<<<<

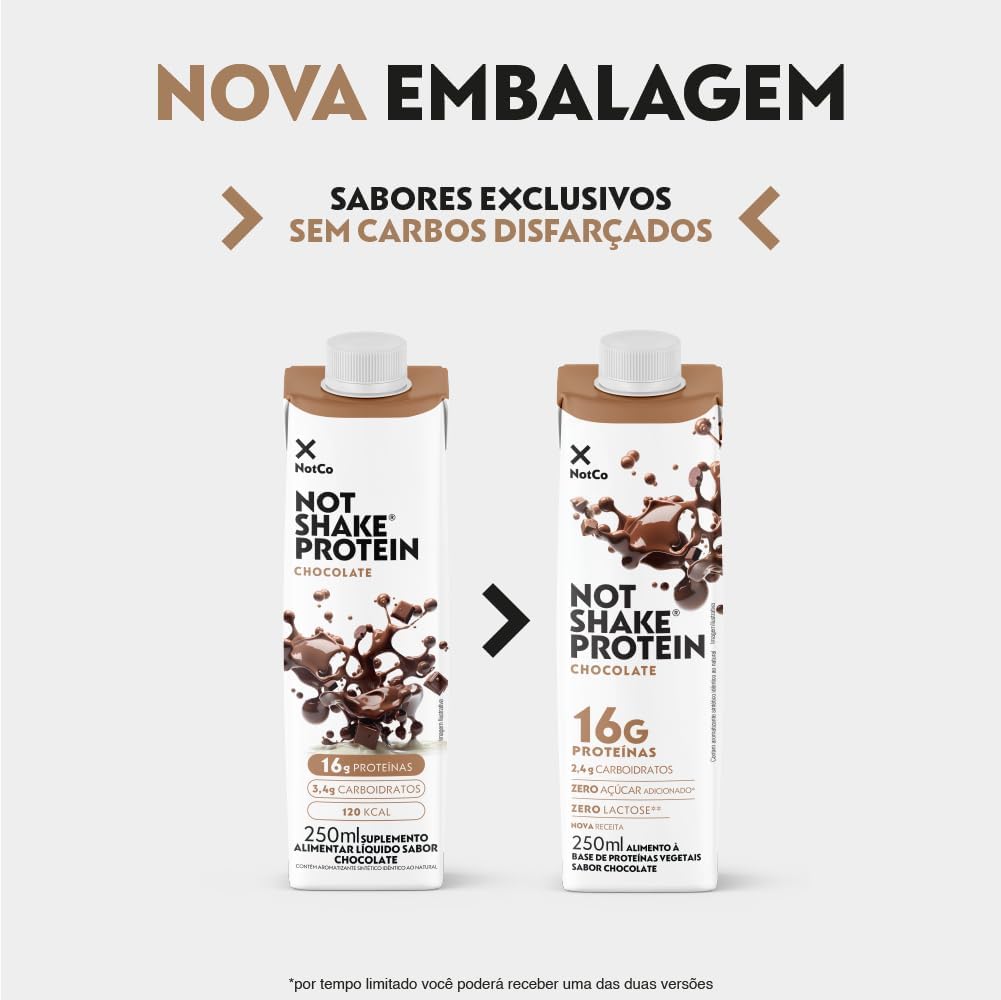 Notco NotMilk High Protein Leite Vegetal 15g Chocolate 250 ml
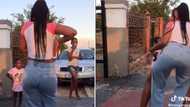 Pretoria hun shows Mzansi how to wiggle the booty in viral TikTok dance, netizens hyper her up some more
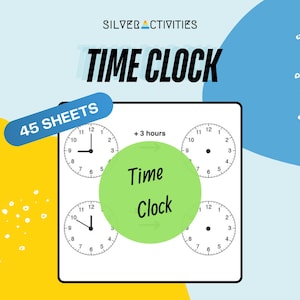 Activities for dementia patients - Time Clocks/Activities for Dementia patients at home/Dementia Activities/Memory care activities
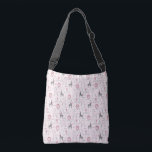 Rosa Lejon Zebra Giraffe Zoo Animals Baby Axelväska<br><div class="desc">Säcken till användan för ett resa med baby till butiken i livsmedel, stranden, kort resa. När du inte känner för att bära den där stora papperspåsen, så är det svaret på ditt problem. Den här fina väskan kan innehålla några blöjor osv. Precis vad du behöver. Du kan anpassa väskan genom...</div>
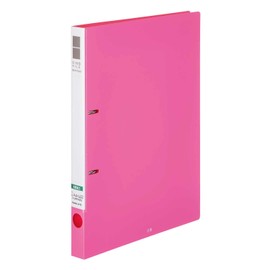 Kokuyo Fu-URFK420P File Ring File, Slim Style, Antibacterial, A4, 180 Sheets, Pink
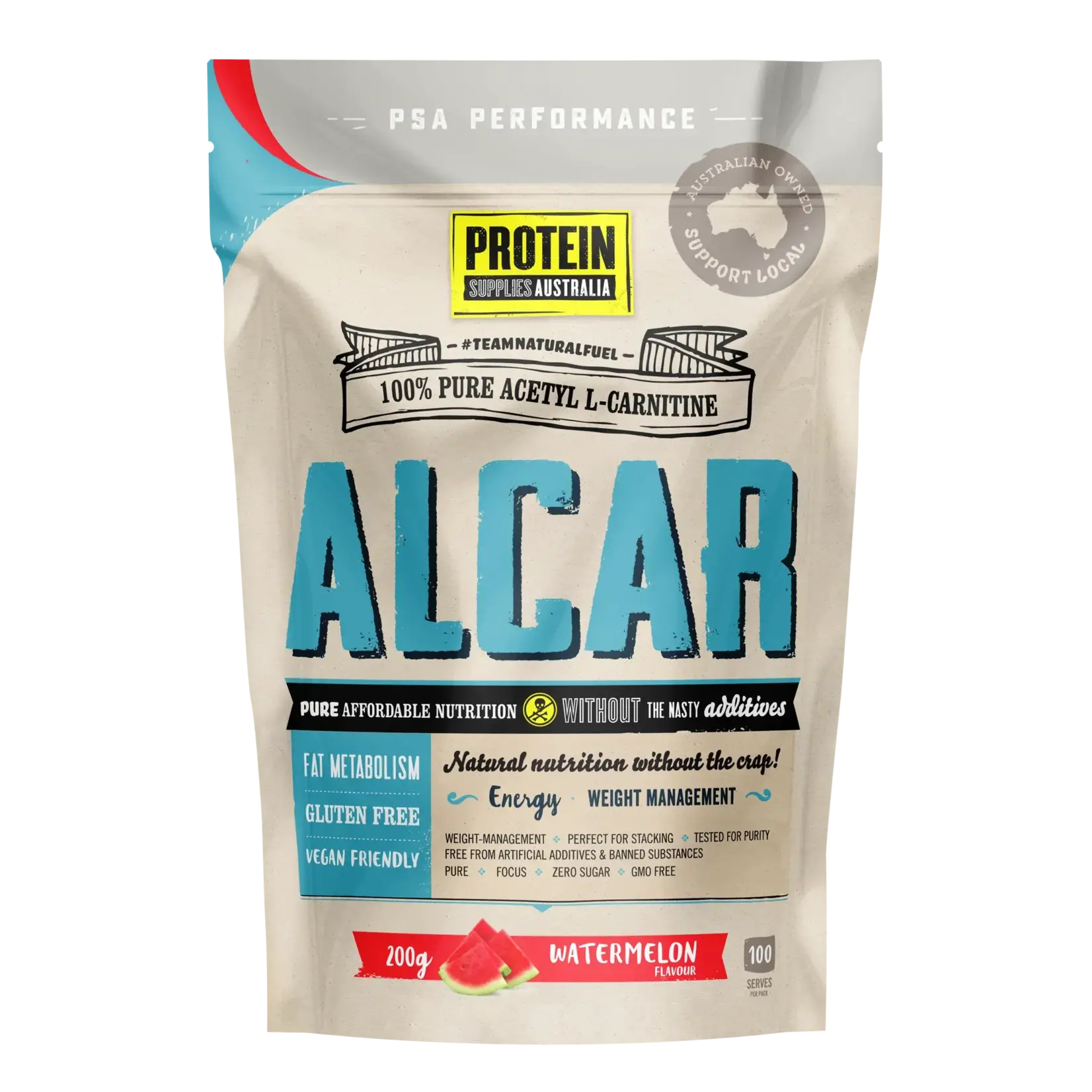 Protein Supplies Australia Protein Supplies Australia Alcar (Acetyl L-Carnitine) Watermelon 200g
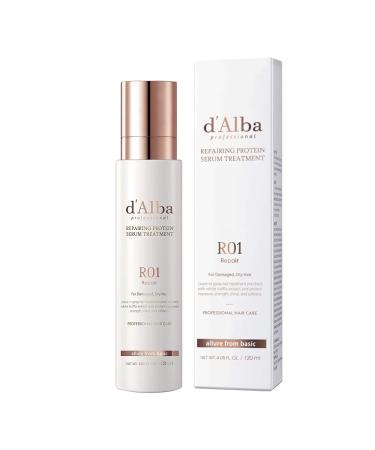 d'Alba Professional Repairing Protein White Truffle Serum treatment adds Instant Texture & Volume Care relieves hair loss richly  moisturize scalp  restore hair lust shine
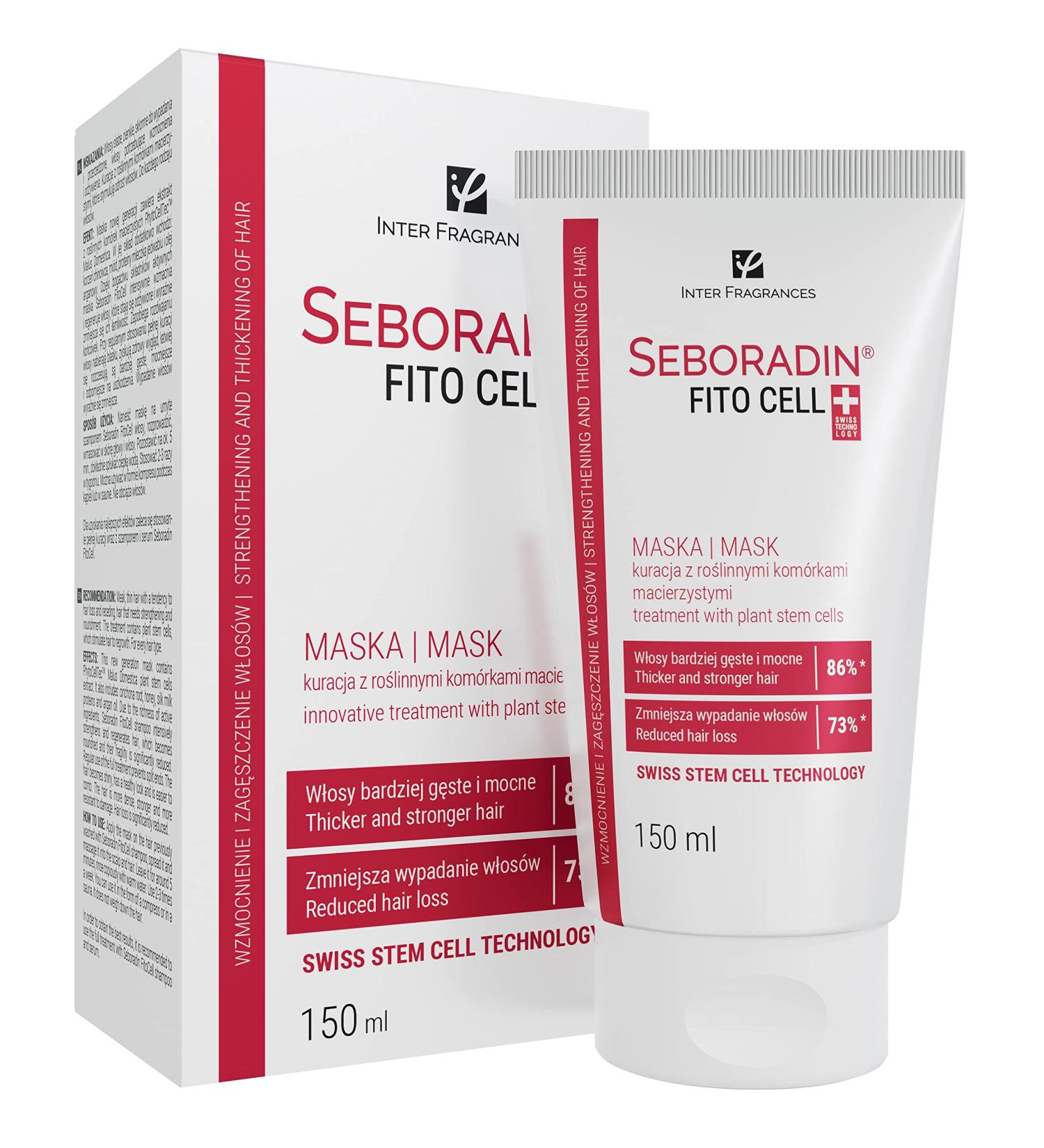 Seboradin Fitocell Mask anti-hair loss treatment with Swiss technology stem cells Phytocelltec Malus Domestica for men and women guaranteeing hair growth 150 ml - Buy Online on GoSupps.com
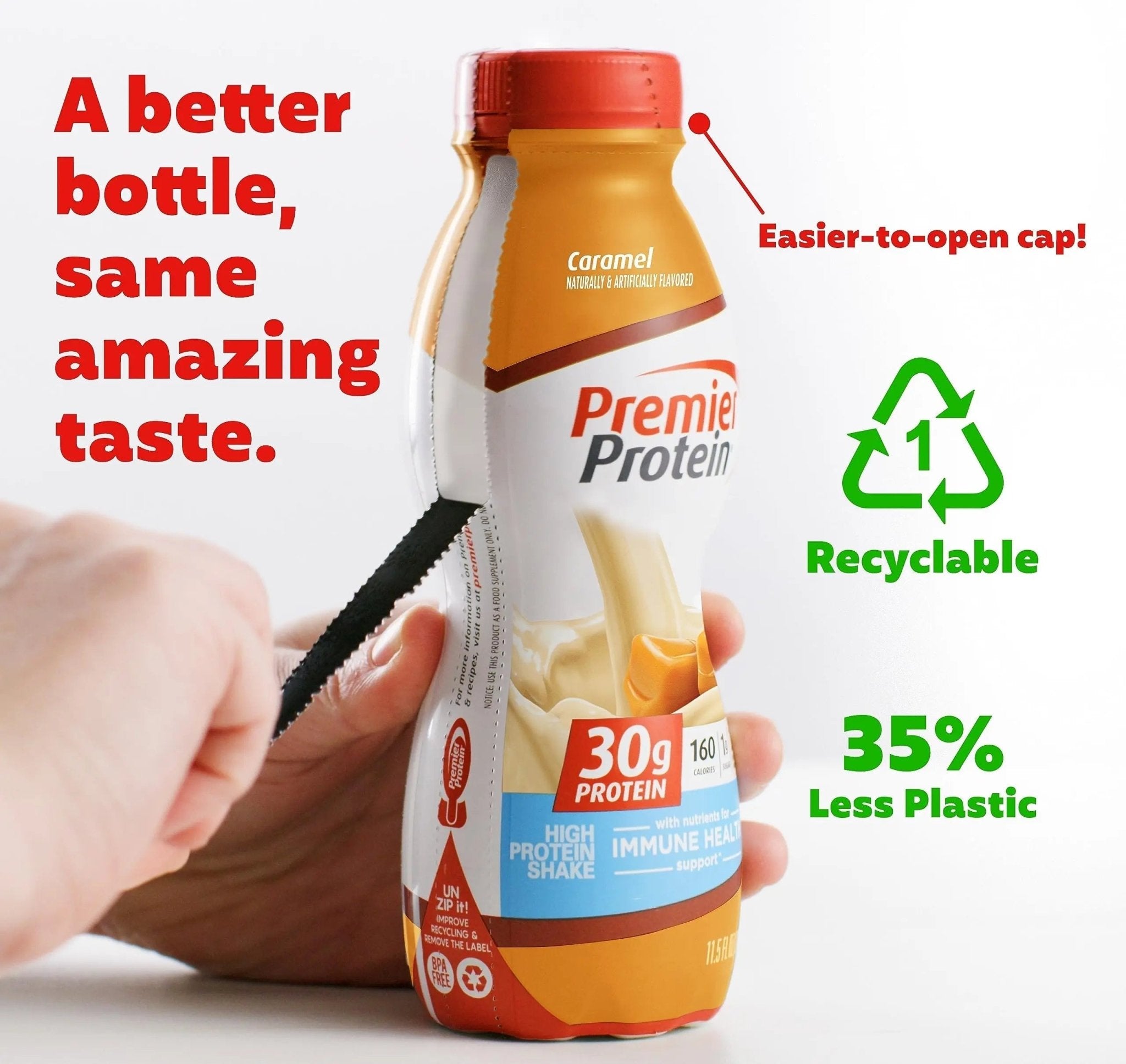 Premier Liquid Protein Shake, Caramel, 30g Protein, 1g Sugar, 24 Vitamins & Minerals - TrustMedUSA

>>>>

WHAT THE TASK REQUIRES:
Pictures aside, restate all of the entries exactly.

OUTPUT:
 Notco NotMilk High Protein Leite Vegetal 15g Chocolate 250 ml
 Pretoria hun shows Mzansi how to wiggle the booty in viral TikTok dance, netizens hyper her up some more
 Activities for dementia patients - Time Clocks/Activities for Dementia patients at home/Dementia Activities/Memory care activities
 Rosa Lejon Zebra Giraffe Zoo Animals Baby Axelväska<br><div class="desc">Säcken till användan för ett resa med baby till butiken i livsmedel, stranden, kort resa. När du inte känner för att bära den där stora papperspåsen, så är det svaret på ditt problem. Den här fina väskan kan innehålla några blöjor osv. Precis vad du behöver. Du kan anpassa väskan genom...</div>
 Kokuyo Fu-URFK420P File Ring File, Slim Style, Antibacterial, A4, 180 Sheets, Pink
 Protein Supplies Australia Protein Supplies Australia Alcar (Acetyl L-Carnitine) Watermelon 200g
 d'Alba Professional Repairing Protein White Truffle Serum treatment adds Instant Texture & Volume Care relieves hair loss richly  moisturize scalp  restore hair lust shine
 Seboradin Fitocell Mask anti-hair loss treatment with Swiss technology stem cells Phytocelltec Malus Domestica for men and women guaranteeing hair growth 150 ml - Buy Online on GoSupps.com
 Premier Liquid Protein Shake, Caramel, 30g Protein, 1g Sugar, 24 Vitamins & Minerals - TrustMedUSA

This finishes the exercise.